Partial credit Rasch models, unidimensional GRMs and a multidimensional GRM were calibrated for each of the 7 CLEFT-Q appearance scales (which measure the appearance of the: face, jaw, teeth, nose, nostrils, cleft lip scar and lips) using data from the CLEFT-Q field test. A second, simulated dataset was generated with 1000 plausible response sets to each scale. Rasch and GRM scores were calculated for each simulated response set, scaled to 0-100 scores, and compared by Pearson’s correlation coefficient, root mean square error (RMSE), mean absolute error (MAE) and 95% limits of agreement. For the face, teeth and jaw scales, we repeated this in a an independent, real patient dataset. We then used the simulated data to compare the performance of a range of fixed-length CAT assessments that were generated with partial credit Rasch models, unidimensional GRMs and the multidimensional GRM. Median standard error of measurement (SEM) was recorded for each assessment. CAT scores were scaled to 0-100 and compared to linear assessment Rasch scores with RMSE, MAE and 95% limits of agreement. This was repeated in the independent, real patient dataset with the RMT and unidimensional GRM CAT assessments for the face, teeth and jaw scales to test the generalizability of our simulated data analysis.
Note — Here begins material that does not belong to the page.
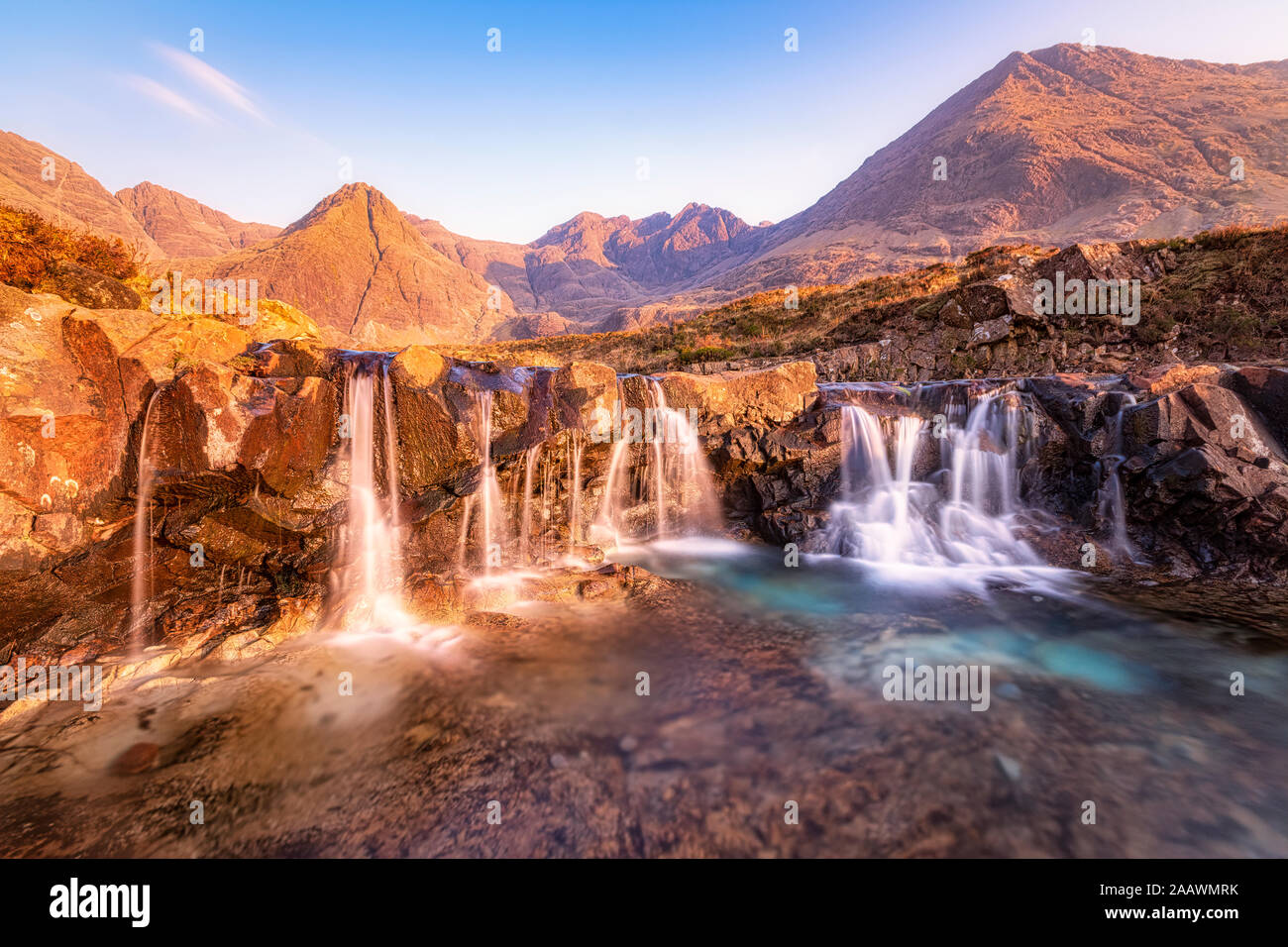 Vue panoramique sur les piscines fée cascade, Glenbrittle, île de Skye, Highlands, Scotland, UK Banque D'Images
Linear assessment scores generated by Rasch models and unidimensional GRMs showed close agreement, with RMSE ranging from 2.2 to 6.1, and MAE ranging from 1.5 to 4.9 in the simulated dataset. These findings were closely reproduced in the real patient dataset. Unidimensional GRM CAT algorithms achieved lower median SEM than Rasch counterparts, but reproduced linear assessment scores with very similar accuracy (RMSE, MAE and 95% limits of agreement). The multidimensional GRM had poorer accuracy than the unidimensional models at comparable assessment lengths.

Partial credit Rasch models and GRMs produce very similar CAT scores. GRM CAT assessments achieve a lower SEM, but this does not translate into better accuracy. Commonly used SEM heuristics for target measurement reliability should not be generalized across CAT assessments built with different psychometric models. In this study, a relatively parsimonious multidimensional GRM CAT algorithm performed more poorly than unidimensional GRM comparators.